One of the odder suggestions which I heard at CEIC 2010 in Las Vegas was that “early case assessment” was yesterday’s idea and that it was time to move on to the next one. On reflection, I decided that the speaker was talking marketing rather than common sense. He did not mean that we should stop making early assessments of cases, nor that we should consign to history the many excellent applications which have been given that label. He was just looking for a new catchy phrase.
Part of the problem, I think, is that its appropriation as a marketing label has buried the fact that early case assessment is a process not a tool. Those big shiny capital letters do not help, and I prefer to talk of “early assessment of a case” – less snappy, perhaps, but a better description of what we are trying to do here.

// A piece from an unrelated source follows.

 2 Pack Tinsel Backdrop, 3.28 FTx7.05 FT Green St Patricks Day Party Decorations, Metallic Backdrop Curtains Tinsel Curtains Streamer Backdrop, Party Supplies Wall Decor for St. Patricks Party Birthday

The software applications (and there are, as I say, some very good ones) are an adjunct, and a necessary one, to an approach to the case which depends first on the sophisticated technology which lies between your ears.
The subject comes up because, within days of my being told that ECA was dead, George Socha and Tom Gelbmann have written an article for Law Technology News called Don’t Box ECA which sets out the components of a prudent assessment of a case to be made before e-disclosure / ediscovery begins. It is, if you like, an industry-specific variant on the old expression “time spent in reconnaissance is seldom wasted”.
Time spent summarising the article, on the other hand, would be time wasted, and I simply point you to it. My thanks to Rob Robinson of Applied Discovery who, as usual, had tweeted a pointer to it before the metaphorical ink was dry.